En fait, les autopompes mobilisées soi-disant contre l’extrême-droite, sont restées pointées sur eux presque tout au long de l’après-midi. Et une trentaine de jeunes qui essayaient de gagner le centre-ville, suite à des rumeurs que l’extrême-droite s’y rassemblait, ont été arrêtés.
Dans ce face-à-face tendu, deux voyous alcoolisés et drogués, ne représentant absolument pas les habitants du quartier rassemblés, ont foncé avec une voiture dans le barrage policier, blessant gravement une habitante du quartier, ce qui a donné lieu à une nouvelle avalanche médiatique à sensation sur le quartier.
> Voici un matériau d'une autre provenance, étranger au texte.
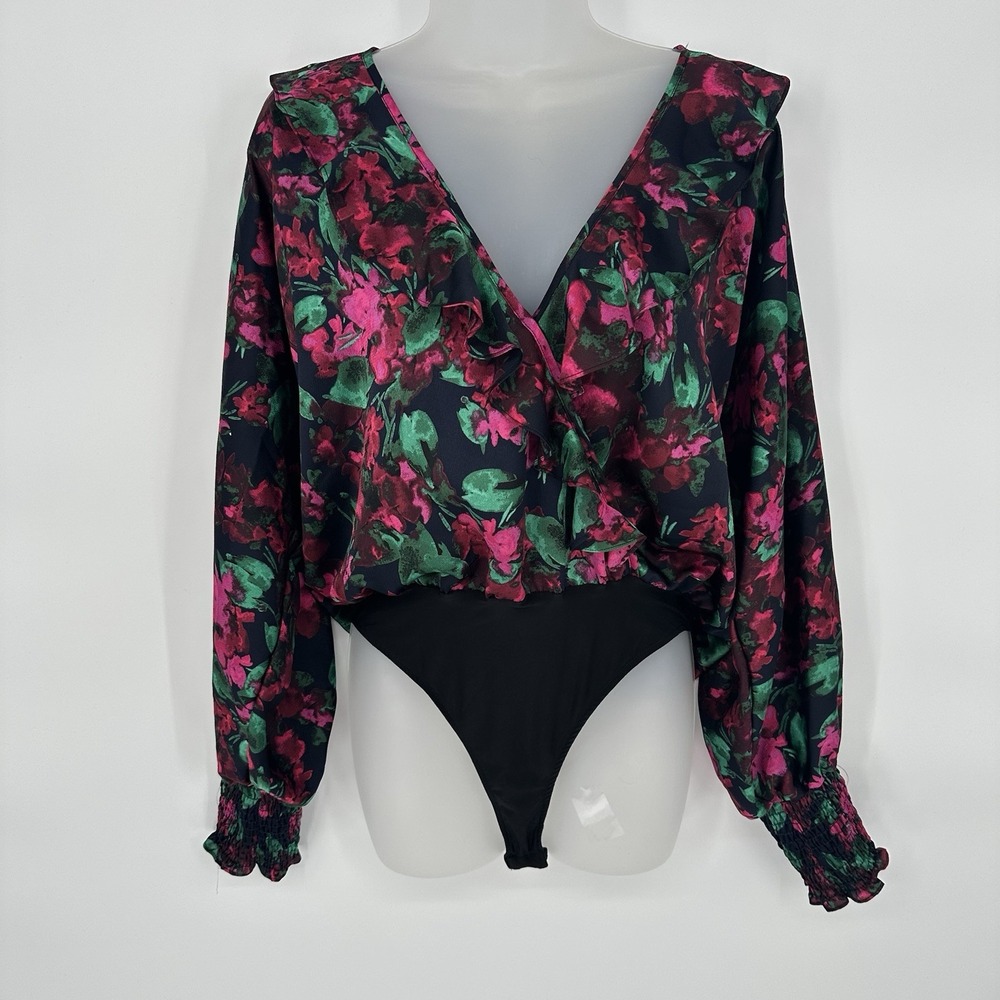 MISA Los Angeles Sz M V-Neck Black Floral Long Sleeve Dolman Sleeve Bodysuit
Dans la polémique qui a suivi cette journée agitée, les responsables se renvoient à nouveau la balle et le bourgmestre de Bruxelles Yvan Mayeur (PS) demande des explications à la police pour l’intervention contre le rassemblement antifasciste à la Bourse qu’il n’aurait pas ordonnée. Mais personne ne met en cause les barrages des forces policières contre les habitants de Molenbeek.
Ceux-ci n’ont pas été visés par les autopompes parce qu’ils sont musulmans. Tous ces politiciens peuvent être tolérants quand il s’agit de la religion, fut-elle musulmane. Surtout quand elle permet de détourner les esprits des vrais problèmes que sont le chômage et la précarité. Mais leur tolérance s’arrête quand il s’agit des travailleurs et des pauvres qui voudraient se défendre.
Les jeunes de Molenbeek font partie de la classe ouvrière, et s’ils sont touchés en plus par la xénophobie, ils sont surtout touchés par le chômage et la précarité que le monde capitaliste réserve aux jeunes des classes populaires.
Ils ont toutes les raisons de se révolter. Et il faut espérer qu’ils trouvent des solidarités parmi les travailleurs de toutes origines, pour s’opposer aux terroristes et à l’extrême-droite.